Please transcribe the listing below exactly, but only from the line containing "Uczniowie mogą już" through its last line.

(Beginning of Input data)

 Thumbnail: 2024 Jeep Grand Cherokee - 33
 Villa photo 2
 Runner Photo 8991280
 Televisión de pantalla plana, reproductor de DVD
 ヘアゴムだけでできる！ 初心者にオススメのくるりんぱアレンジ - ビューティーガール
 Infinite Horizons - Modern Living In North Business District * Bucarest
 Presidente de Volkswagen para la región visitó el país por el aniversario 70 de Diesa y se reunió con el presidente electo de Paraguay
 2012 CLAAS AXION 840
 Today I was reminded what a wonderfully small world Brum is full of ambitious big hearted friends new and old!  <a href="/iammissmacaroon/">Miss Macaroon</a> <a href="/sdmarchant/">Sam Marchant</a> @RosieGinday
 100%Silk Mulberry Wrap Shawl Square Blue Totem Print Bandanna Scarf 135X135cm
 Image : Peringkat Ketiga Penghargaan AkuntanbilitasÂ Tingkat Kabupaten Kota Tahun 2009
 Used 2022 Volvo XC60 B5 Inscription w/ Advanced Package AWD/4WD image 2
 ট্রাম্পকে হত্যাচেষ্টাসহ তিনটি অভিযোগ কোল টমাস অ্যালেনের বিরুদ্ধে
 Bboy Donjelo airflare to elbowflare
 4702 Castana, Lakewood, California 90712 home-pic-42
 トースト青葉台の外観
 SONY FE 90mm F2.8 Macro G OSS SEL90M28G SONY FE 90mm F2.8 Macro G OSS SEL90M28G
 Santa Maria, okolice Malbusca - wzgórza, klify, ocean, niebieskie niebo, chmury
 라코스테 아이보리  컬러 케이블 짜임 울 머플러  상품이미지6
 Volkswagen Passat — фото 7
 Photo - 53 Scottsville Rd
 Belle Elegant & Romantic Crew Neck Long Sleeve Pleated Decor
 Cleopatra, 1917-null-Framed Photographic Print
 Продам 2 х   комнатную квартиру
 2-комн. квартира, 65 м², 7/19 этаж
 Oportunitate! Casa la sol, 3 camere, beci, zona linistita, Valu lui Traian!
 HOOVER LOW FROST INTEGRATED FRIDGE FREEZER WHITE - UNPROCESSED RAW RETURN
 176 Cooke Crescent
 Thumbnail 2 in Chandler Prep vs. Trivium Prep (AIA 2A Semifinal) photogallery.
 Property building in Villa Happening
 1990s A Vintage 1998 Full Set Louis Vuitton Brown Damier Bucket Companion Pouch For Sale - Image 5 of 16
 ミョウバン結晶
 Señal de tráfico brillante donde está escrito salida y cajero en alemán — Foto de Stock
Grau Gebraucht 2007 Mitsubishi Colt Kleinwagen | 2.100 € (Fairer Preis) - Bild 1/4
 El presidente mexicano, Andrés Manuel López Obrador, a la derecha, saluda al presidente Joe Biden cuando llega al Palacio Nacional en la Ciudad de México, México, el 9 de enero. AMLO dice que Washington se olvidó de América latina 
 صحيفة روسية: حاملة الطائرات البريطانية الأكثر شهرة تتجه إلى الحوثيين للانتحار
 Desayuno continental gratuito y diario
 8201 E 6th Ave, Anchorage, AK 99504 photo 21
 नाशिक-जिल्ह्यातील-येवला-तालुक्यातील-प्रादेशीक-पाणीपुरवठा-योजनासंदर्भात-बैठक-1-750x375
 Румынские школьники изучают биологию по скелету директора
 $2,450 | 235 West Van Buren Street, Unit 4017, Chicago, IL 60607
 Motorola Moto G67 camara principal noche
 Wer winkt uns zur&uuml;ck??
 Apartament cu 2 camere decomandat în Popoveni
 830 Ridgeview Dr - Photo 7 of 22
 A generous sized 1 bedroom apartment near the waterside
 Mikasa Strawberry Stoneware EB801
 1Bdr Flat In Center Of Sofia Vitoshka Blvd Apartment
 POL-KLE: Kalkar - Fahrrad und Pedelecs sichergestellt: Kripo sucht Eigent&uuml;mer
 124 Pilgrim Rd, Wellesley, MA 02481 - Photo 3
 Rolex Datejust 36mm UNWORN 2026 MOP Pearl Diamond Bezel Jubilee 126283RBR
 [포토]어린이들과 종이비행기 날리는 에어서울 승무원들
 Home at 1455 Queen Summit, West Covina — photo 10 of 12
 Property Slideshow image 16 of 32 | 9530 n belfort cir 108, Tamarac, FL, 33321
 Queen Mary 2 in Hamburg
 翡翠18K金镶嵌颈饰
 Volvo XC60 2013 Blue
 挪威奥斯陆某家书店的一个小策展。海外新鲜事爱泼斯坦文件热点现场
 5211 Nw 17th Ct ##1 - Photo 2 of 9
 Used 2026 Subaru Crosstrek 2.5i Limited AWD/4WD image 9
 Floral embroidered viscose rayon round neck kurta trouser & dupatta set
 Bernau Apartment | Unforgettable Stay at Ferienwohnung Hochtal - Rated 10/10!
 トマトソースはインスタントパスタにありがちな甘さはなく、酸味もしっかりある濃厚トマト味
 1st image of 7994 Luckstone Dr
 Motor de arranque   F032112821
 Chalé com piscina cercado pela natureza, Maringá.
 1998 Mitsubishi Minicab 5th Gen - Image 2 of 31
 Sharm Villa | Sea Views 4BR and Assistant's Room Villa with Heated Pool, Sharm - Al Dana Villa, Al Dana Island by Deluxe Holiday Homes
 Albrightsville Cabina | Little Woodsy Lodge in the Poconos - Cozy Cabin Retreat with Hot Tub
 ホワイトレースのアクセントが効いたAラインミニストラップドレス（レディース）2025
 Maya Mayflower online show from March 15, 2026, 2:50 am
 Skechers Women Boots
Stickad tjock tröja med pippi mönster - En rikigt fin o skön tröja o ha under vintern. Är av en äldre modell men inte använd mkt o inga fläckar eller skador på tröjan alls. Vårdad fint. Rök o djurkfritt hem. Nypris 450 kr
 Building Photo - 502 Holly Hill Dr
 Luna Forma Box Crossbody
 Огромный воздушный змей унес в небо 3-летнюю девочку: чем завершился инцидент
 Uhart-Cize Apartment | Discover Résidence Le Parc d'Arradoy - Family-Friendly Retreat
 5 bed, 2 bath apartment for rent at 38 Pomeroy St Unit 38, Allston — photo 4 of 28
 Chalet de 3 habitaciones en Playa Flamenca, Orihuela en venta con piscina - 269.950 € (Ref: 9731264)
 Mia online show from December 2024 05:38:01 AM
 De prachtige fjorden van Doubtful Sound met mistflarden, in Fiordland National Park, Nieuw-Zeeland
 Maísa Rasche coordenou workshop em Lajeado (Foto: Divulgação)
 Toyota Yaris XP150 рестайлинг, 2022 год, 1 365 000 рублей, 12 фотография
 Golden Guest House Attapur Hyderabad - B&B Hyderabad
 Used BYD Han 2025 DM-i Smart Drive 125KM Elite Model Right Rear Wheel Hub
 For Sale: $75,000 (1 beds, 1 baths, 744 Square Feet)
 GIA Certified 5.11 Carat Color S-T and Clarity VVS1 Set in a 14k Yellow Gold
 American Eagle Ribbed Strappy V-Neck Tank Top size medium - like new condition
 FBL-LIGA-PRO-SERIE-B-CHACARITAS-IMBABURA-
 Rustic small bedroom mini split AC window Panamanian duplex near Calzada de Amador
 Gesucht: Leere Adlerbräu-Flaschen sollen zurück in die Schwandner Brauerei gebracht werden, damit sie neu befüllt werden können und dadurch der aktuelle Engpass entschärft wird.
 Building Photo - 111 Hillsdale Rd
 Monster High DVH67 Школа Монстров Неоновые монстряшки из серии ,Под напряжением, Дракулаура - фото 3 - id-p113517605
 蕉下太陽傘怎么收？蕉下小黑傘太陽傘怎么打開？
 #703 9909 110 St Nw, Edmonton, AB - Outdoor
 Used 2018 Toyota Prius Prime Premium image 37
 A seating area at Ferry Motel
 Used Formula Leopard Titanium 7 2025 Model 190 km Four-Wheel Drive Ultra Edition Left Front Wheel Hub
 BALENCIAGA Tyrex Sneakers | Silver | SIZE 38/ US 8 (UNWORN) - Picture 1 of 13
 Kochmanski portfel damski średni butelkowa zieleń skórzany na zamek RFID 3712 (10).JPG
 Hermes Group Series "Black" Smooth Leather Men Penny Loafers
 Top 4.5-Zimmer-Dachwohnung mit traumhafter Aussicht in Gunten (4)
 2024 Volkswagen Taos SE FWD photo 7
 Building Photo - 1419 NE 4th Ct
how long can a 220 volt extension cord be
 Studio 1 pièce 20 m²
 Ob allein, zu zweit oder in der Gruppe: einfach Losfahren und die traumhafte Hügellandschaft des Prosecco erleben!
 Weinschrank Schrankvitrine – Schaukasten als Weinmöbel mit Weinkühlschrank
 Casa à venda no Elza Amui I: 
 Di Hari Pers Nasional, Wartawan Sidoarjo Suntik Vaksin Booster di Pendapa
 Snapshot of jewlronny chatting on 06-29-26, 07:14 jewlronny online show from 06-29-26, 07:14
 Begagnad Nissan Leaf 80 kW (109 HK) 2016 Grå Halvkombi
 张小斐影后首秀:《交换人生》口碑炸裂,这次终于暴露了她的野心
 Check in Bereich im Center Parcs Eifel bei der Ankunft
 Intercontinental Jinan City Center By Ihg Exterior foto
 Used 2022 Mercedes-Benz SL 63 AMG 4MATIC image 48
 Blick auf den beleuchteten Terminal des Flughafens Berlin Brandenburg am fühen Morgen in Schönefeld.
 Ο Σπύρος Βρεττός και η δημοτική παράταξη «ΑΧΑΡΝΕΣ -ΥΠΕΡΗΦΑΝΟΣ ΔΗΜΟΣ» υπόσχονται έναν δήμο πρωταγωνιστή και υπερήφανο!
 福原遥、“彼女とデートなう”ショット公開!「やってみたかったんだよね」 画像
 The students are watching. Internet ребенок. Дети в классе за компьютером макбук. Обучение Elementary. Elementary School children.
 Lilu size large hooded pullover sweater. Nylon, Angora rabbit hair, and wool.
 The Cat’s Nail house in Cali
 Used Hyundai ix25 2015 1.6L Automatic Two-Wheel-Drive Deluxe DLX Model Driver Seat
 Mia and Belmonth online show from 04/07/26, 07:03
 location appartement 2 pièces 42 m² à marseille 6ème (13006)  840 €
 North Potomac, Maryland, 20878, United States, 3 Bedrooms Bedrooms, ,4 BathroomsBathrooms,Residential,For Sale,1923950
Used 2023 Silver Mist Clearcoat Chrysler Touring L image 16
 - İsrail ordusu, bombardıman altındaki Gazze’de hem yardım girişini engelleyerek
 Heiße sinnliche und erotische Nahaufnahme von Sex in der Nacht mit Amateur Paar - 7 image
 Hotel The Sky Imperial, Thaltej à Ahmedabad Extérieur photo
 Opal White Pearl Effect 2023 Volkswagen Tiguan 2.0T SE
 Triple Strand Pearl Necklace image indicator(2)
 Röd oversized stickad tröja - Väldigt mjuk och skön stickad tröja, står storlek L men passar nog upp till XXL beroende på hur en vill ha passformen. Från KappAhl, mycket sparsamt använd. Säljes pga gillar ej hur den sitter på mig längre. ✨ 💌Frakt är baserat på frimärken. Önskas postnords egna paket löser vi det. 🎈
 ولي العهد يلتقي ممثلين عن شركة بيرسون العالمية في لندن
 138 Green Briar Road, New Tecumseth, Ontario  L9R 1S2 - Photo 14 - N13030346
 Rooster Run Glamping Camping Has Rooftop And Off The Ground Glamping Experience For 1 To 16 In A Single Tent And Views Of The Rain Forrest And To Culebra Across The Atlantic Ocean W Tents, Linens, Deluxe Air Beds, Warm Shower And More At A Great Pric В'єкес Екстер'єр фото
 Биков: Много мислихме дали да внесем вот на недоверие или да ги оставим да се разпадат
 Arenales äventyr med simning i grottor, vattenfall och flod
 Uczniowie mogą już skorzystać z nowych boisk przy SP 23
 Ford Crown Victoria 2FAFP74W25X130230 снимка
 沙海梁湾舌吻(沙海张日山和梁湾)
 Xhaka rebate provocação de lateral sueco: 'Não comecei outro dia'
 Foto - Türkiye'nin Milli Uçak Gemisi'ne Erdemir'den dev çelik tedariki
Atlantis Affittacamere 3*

(End of Input data)

* [Answer to this task]:
 Uczniowie mogą już skorzystać z nowych boisk przy SP 23
 Ford Crown Victoria 2FAFP74W25X130230 снимка
 沙海梁湾舌吻(沙海张日山和梁湾)
 Xhaka rebate provocação de lateral sueco: 'Não comecei outro dia'
 Foto - Türkiye'nin Milli Uçak Gemisi'ne Erdemir'den dev çelik tedariki
Atlantis Affittacamere 3*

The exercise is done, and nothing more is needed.